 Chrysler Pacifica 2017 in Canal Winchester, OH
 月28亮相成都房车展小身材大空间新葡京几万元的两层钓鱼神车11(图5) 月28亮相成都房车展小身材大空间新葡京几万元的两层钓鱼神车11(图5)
==
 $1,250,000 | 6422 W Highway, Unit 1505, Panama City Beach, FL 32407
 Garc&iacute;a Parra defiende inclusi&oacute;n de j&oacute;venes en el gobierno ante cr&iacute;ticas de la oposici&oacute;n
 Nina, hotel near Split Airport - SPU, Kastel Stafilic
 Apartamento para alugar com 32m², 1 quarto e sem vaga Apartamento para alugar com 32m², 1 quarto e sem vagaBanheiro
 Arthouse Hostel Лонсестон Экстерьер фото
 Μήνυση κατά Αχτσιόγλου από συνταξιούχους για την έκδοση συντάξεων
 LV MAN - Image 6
==
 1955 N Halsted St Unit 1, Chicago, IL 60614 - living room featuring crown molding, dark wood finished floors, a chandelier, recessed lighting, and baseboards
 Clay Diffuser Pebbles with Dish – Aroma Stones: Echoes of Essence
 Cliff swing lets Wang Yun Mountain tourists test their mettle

**Task brief:**
Within the records, filter for lines that contain the word "Unit" and show each one.

**Answer for this exercise:**
 $1,250,000 | 6422 W Highway, Unit 1505, Panama City Beach, FL 32407
 1955 N Halsted St Unit 1, Chicago, IL 60614 - living room featuring crown molding, dark wood finished floors, a chandelier, recessed lighting, and baseboards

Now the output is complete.